In the complete setup, the chromophores (tethered to the catalyst) are embedded in a layer of nanoparticles on an electrode. Each nanoparticle is made of a core of tin dioxide (SnO2) surrounded by a titanium dioxide (TiO2) shell. These different components provide efficient, stepwise shuttling of electrons to keep pulling the negatively charged particles away from the catalyst and sending them to where they are needed to make fuel.

Here’s how it works from start to finish: Light strikes the chromophore and gives an electron enough of a jolt to send it from the chromophore to the surface of the nanoparticle. From there the electron moves to the nanoparticle core, and then out of the electrode through a wire. Meanwhile, the chromophore, having lost one electron, pulls an electron from the catalyst. As long as there’s light, this process repeats, sending electrons flowing from catalyst to chromophore to nanoparticle to wire.

Each time the catalyst loses four electrons, it becomes activated with a big enough positive charge to steal four electrons from two water molecules. That breaks the hydrogen and oxygen apart. The oxygen bubbles out as a gas (in natural photosynthesis, this is how plants make the oxygen we breathe!) while the hydrogen atoms (now ions because they are positively charged) diffuse through a membrane to another electrode. There they recombine with the electrons carried by the wire to produce hydrogen gas — fuel!

Building on experience

The Brookhaven team had tried an earlier version of this chromophore-catalyst setup where the light-absorbing dye and catalyst particles were connected much more closely with direct chemical bonds instead of tethers.

“This was very difficult to do, taking many steps of synthesis and purification, and it took several months to make the molecules,” Concepcion said. “And the performance was not that good in the end.”

In contrast, attaching the carbon-chain tethers to both molecules allows them to self-assemble.

“You just dip the electrode coated with the chromophores into a solution in which the catalyst is suspended and the tethers on the two types of molecules find one another and link up,” said Stony Brook University graduate student Lei Wang, a coauthor on the current paper and lead author on a paper published earlier this year that described the self-assembly strategy.

The new paper includes data showing that the system with tethered connections is considerably more stable than the directly connected components, and it generated twice the amount of current — the number of electrons flowing through the system.

“The more electrons you generate from the light coming in, the more you have available to generate hydrogen fuel,” Concepcion said.

The scientists also measured the amount of oxygen produced.

“We found that this system, using visible light, is capable of reaching remarkable efficiencies for light-driven water splitting,” Concepcion said.

But there’s still room for improvement, he noted. “What we’ve done to this point works to make hydrogen. But we would like to move to making higher value hydrocarbon fuels.” Now that they have a system where they can easily interchange components and experiment with other variables, they are set to explore the possibilities.

“One of the most important aspects of this setup is not just the performance, but the ease of assembly,” Concepcion said.

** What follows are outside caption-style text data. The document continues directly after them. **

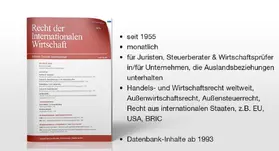 Deutscher Fachverlag GmbH, Fachmedien Recht, Frankfurt am Main |  Recht der Internationalen Wirtschaft | Zeitschrift |  Sack Fachmedien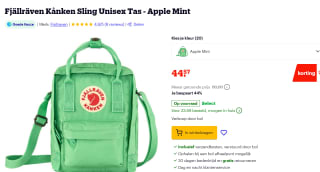 Fjallraven Kanken Sling Apple Mint tas voor €44,47 bij Bol.com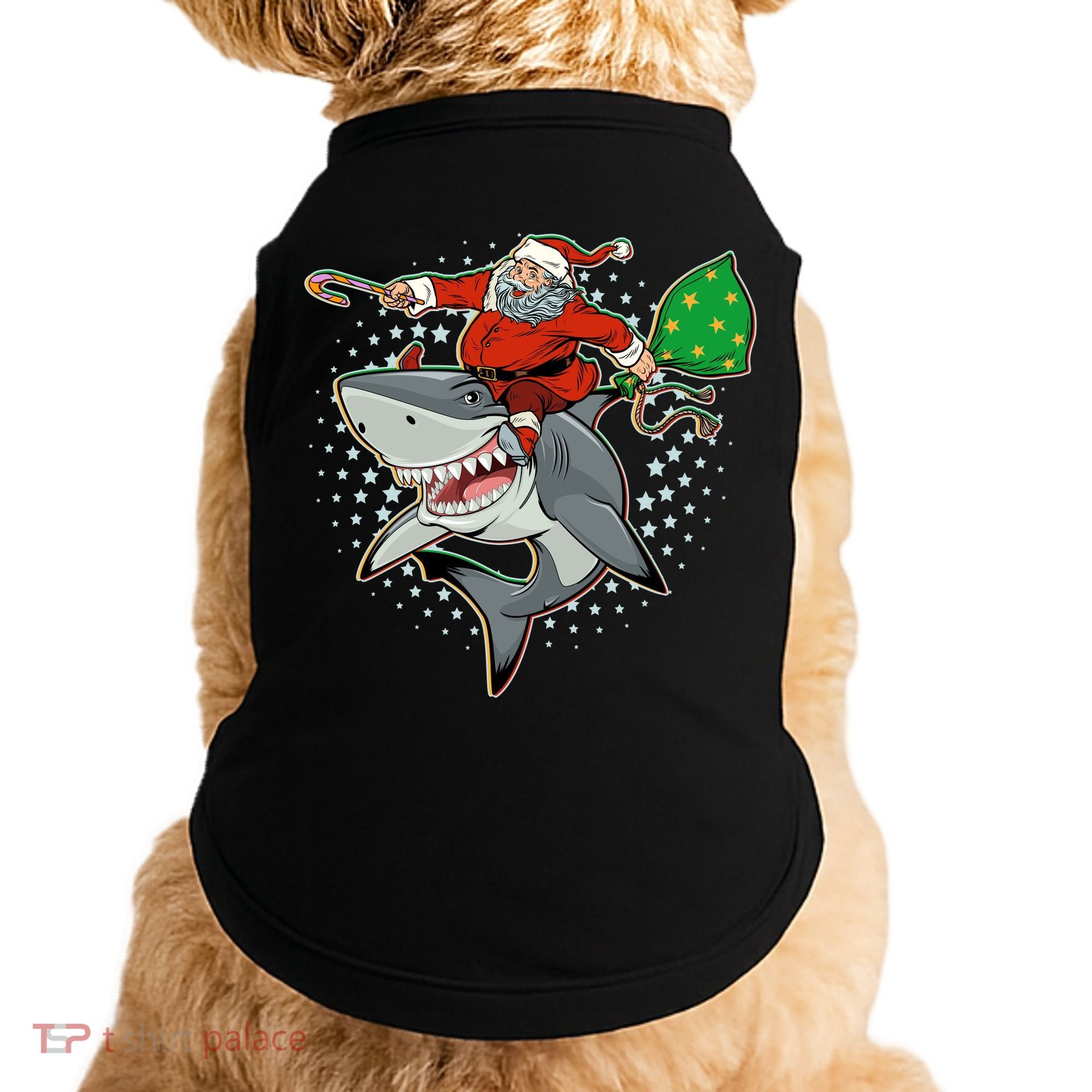Funny Christmas Santa Riding Shark Doggie Tank
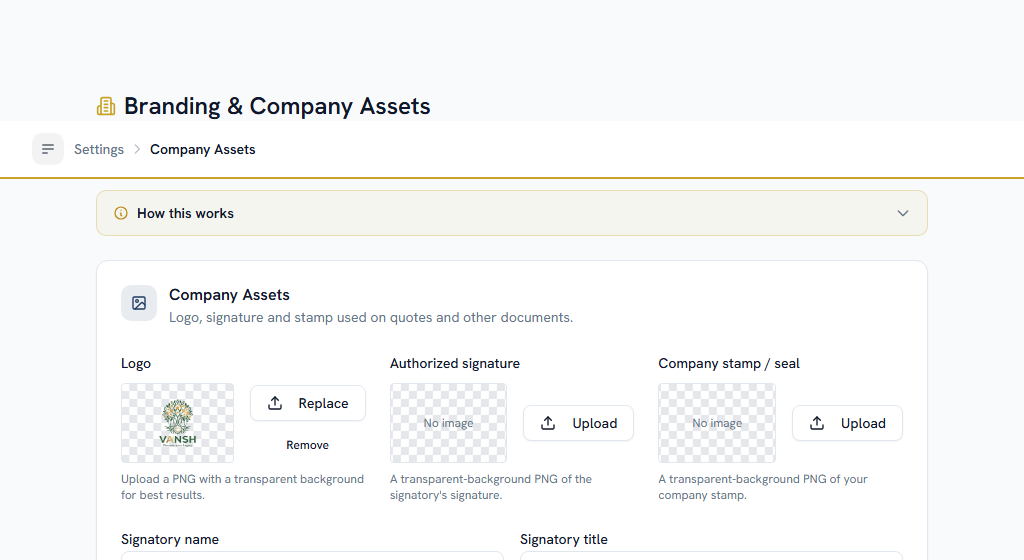 Company Assets — legal name, PAN, bank account and signatory all live here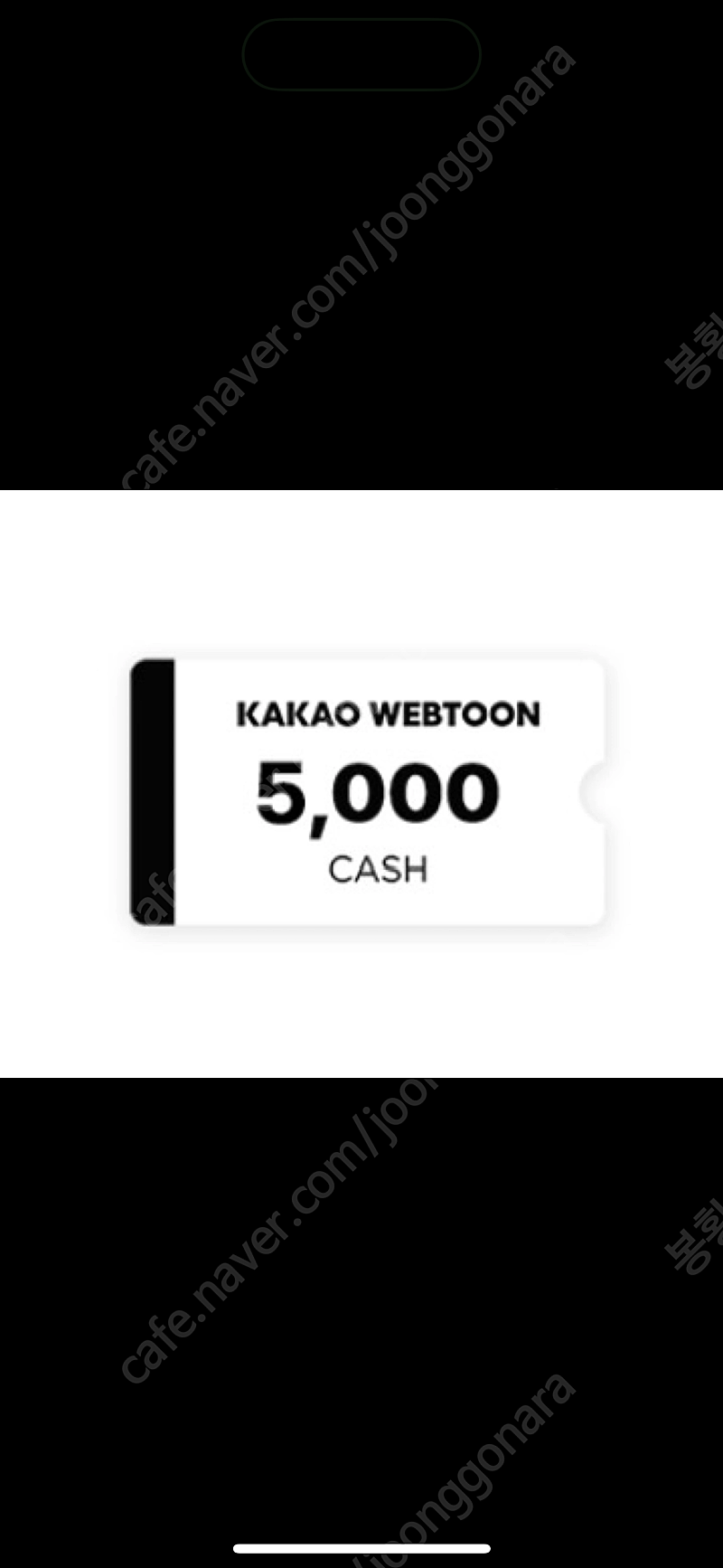 카카오웹툰 5000캐시(5천캐시)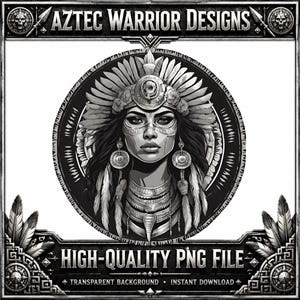 Aztec Warrior Woman PNG: Mexican Cultural Icon (Digital Download) image 1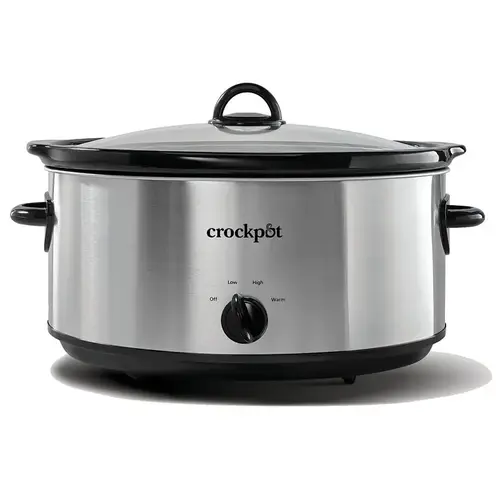 Manual Slow Cooker, 8 qt Capacity, Stainless Steel Silver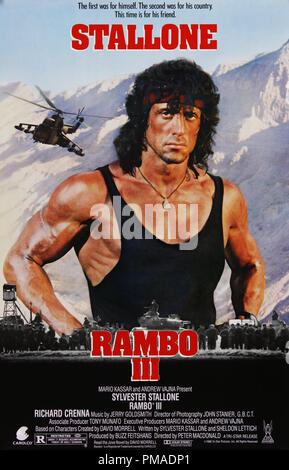 "Rambo III"-US-Poster 1988 Tri Star Filme Sylvester Stallone Datei Referenz # 32509 303 THA Stockfoto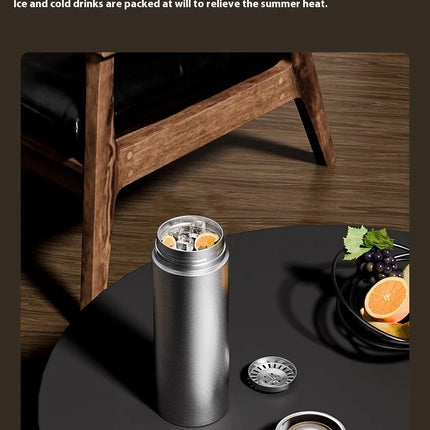 Pure Titanium Insulated Cup Men And Women'S Water Cup Portable Tea Cup Tea Water Separation Titanium Cup Cold Insulation Bottle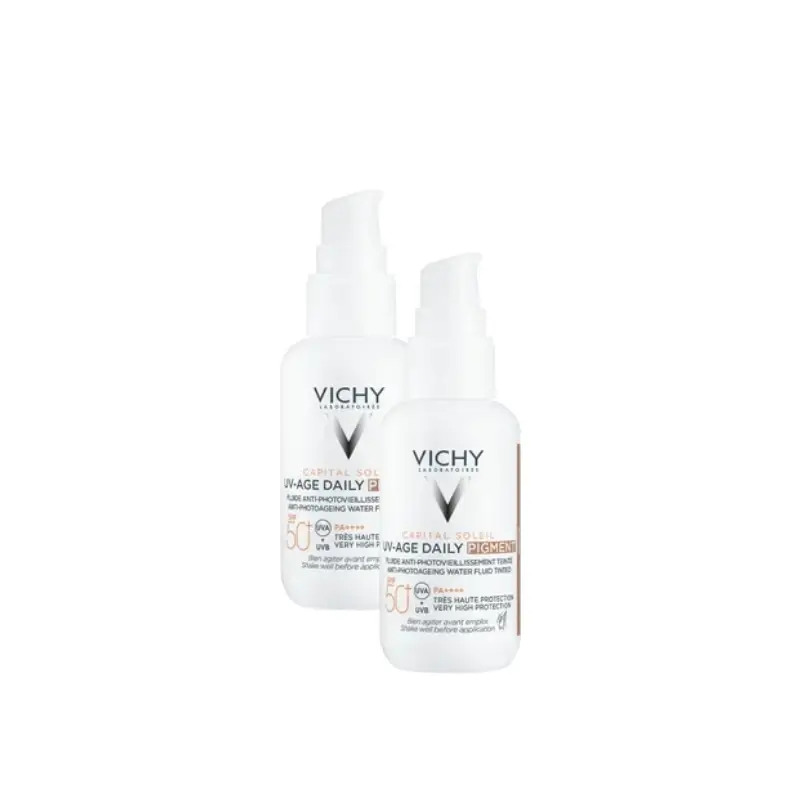 Vichy Capital Soleil UV Age Fluide Photoprotecteur Quotidien Teinte Moyenne SPF 50, 40 ml, lot de 2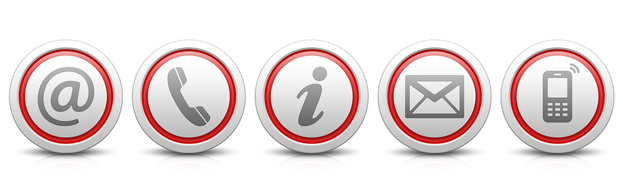 Contact Us – Set of light gray buttons with reflection & red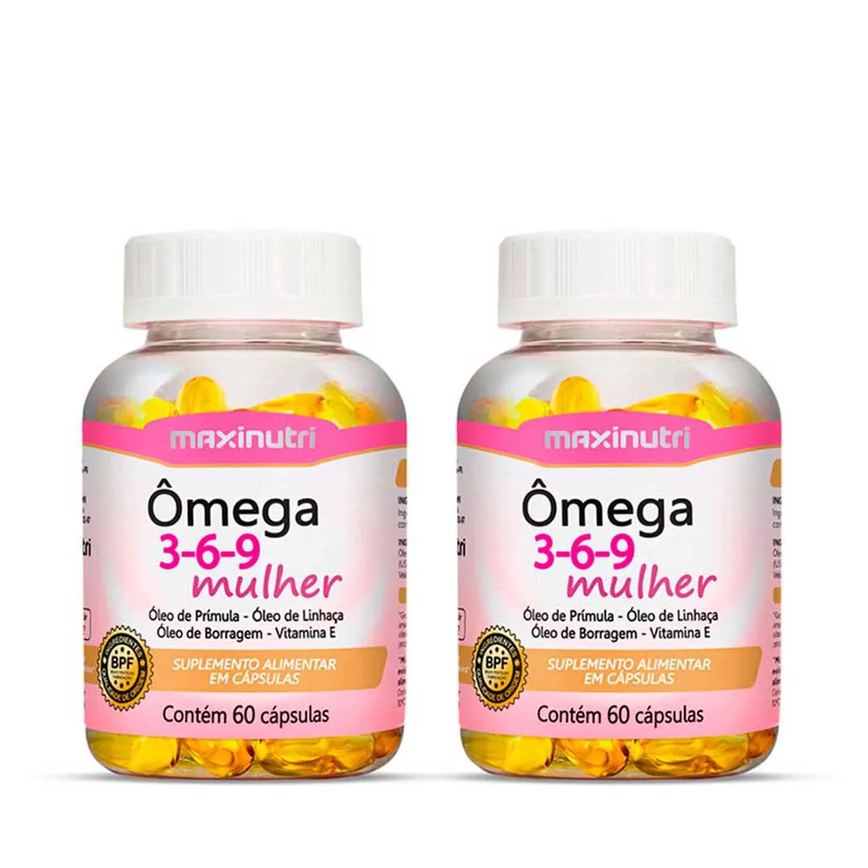 Kit 02 ômega 3-6-9 mulher 60 capsulas maxinutri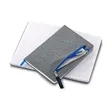 Fabric Cover Notebook with Zipper Pocket and Custom Logo | https://www.bestnamebadges.com
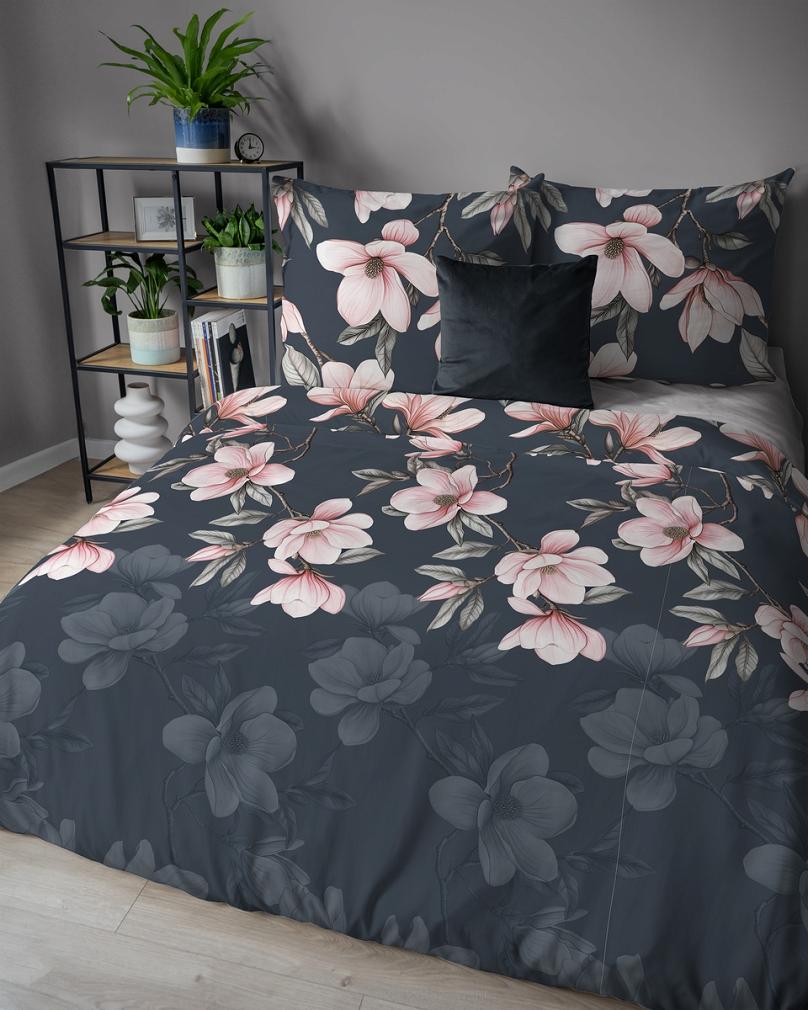 Pościel flanelowa 160x200 granatowa różowa kwiaty magnolii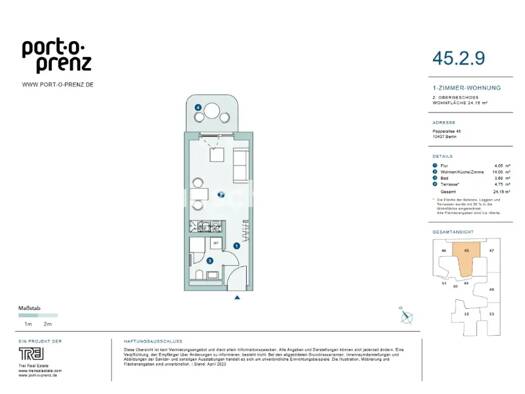 Wohnung zur Miete Tauschwohnung 613 € 1 Zimmer 25 m² Französisch Buchholz Pankow 10437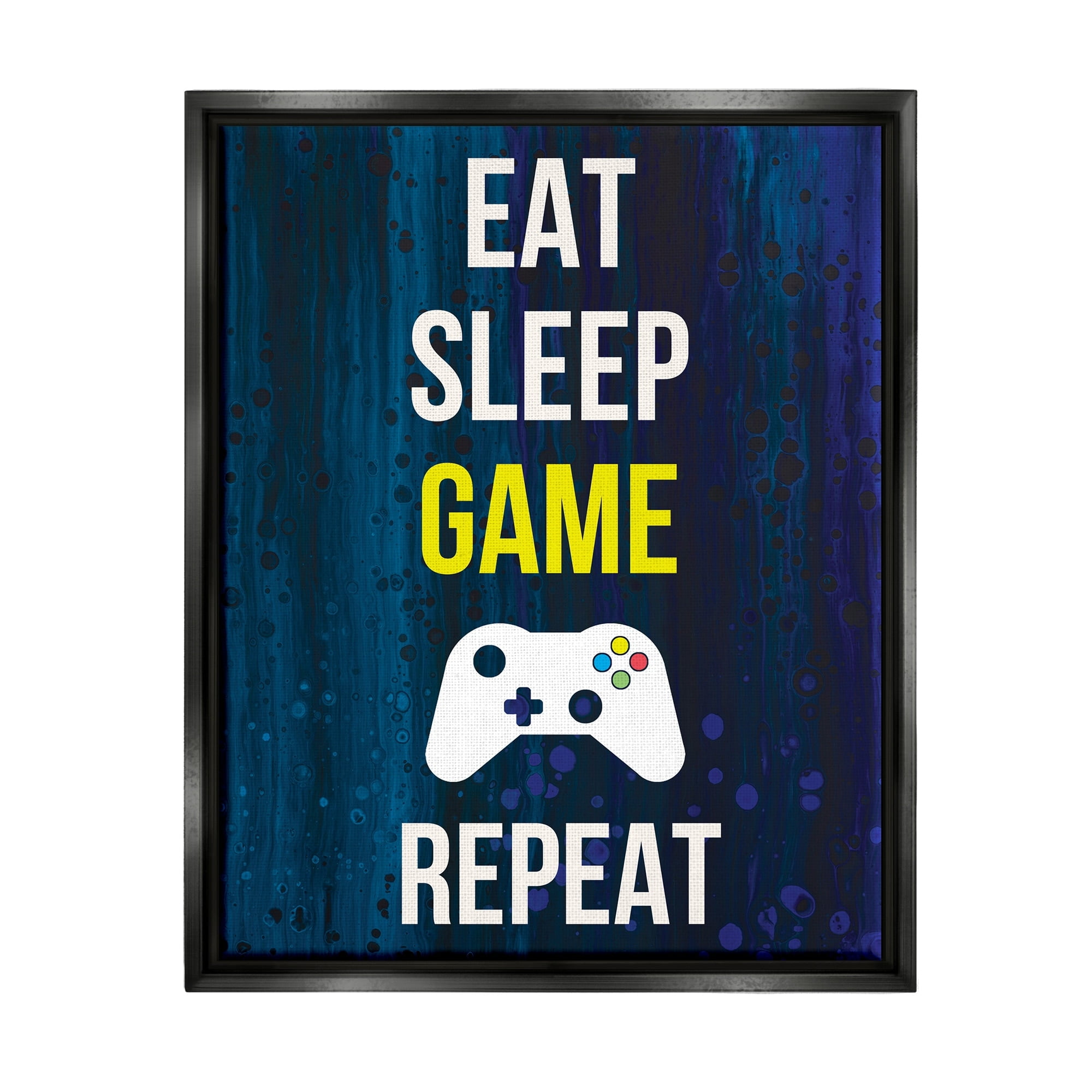 Stupell Industries Eat Sleep Game Repeat Controller Layered Background Graphic Art Metallic Gold Floating Framed Canvas Print Wall Art, Design by Annie Warren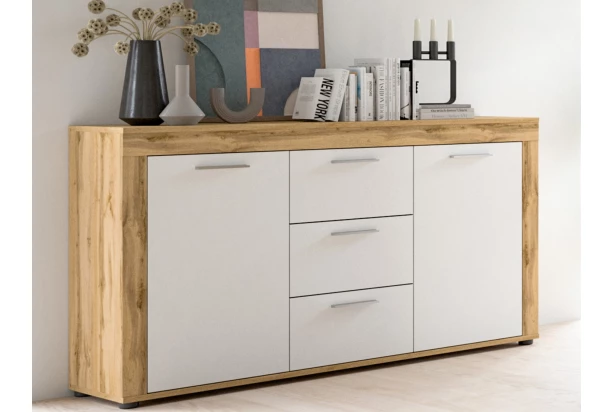 Komoda so zásuvkami Jana, 125 cm, dub wotan/biela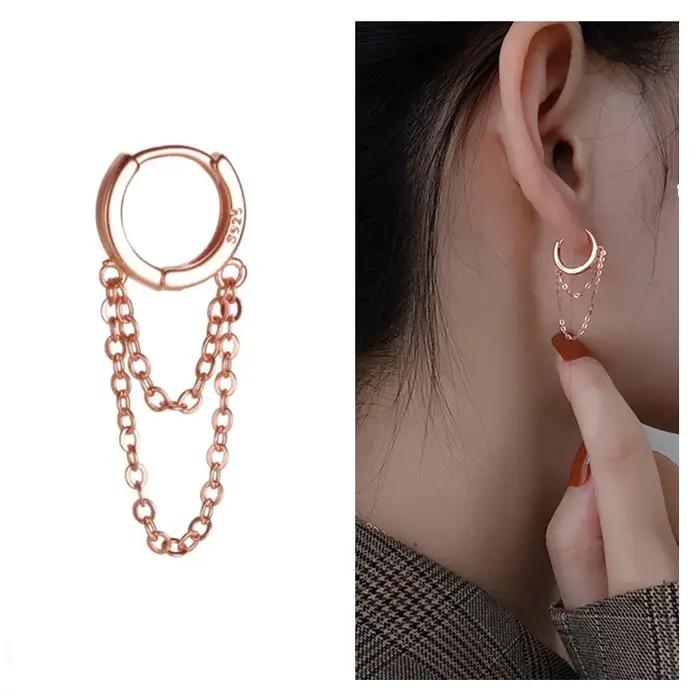 Boucles d'oreilles en argent sterling 925 à la mode avec pampilles en or rose pour femmes, cadeau d'anniversaire pour filles, idéal pour les mariages et les soirées élégantes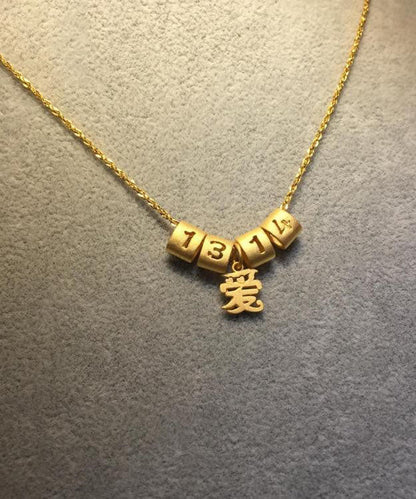 Einzigartige Halskette mit Ziffernanhänger aus Gold-Sterlingsilberlegierung „One's Whole Life Love“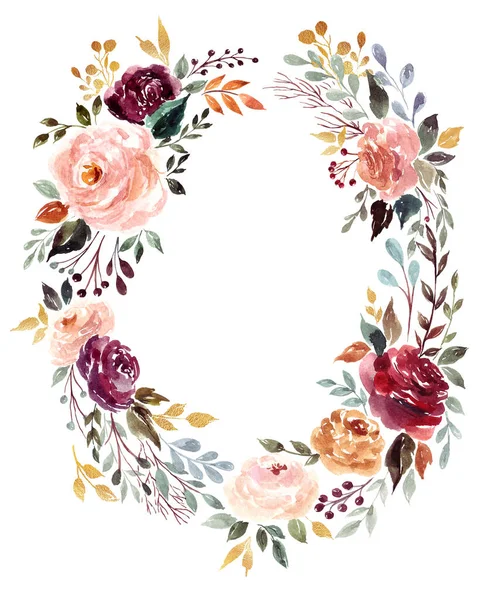 Watercolor Wreath Flowers Vector Illustration — Stock Photo, Image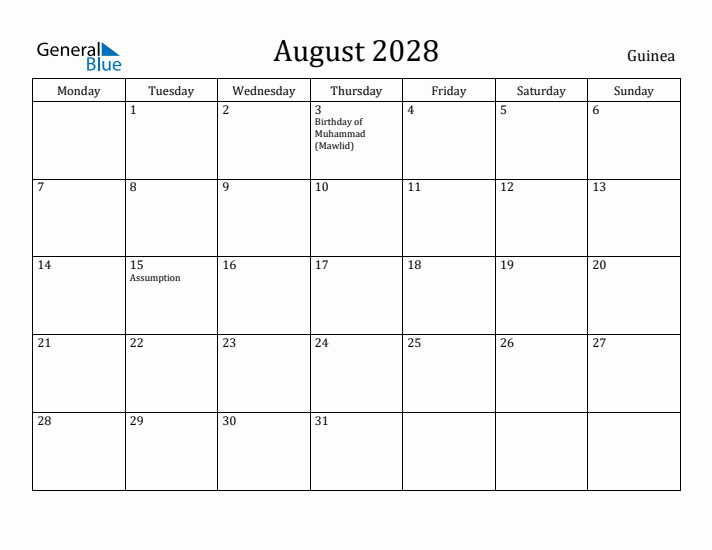 August 2028 Calendar Guinea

“Because these combinations of chromophores and catalysts are so easy to make, and the tethers give us so much control over the distance between them, now we can study, for example, what is the optimal distance. And we can do experiments combining different chromophores and catalysts without having to do much complex synthesis to find the best combinations,” he said. “The versatility of this approach will allow us to do fundamental studies that would not have been possible without this system.”

This research was funded by the DOE Office of Science and was conducted in collaboration with scientists from the Alliance for Molecular PhotoElectrode Design for Solar Fuels EFRC, a DOE Office of Science Energy Frontier Research Center at the University of North Carolina, Chapel Hill. UNC scientists provided the core-shell nanoparticles. Design and synthesis of the system were done at Brookhaven Lab; transient kinetics and photoelectrochemistry studies were carried out at UNC.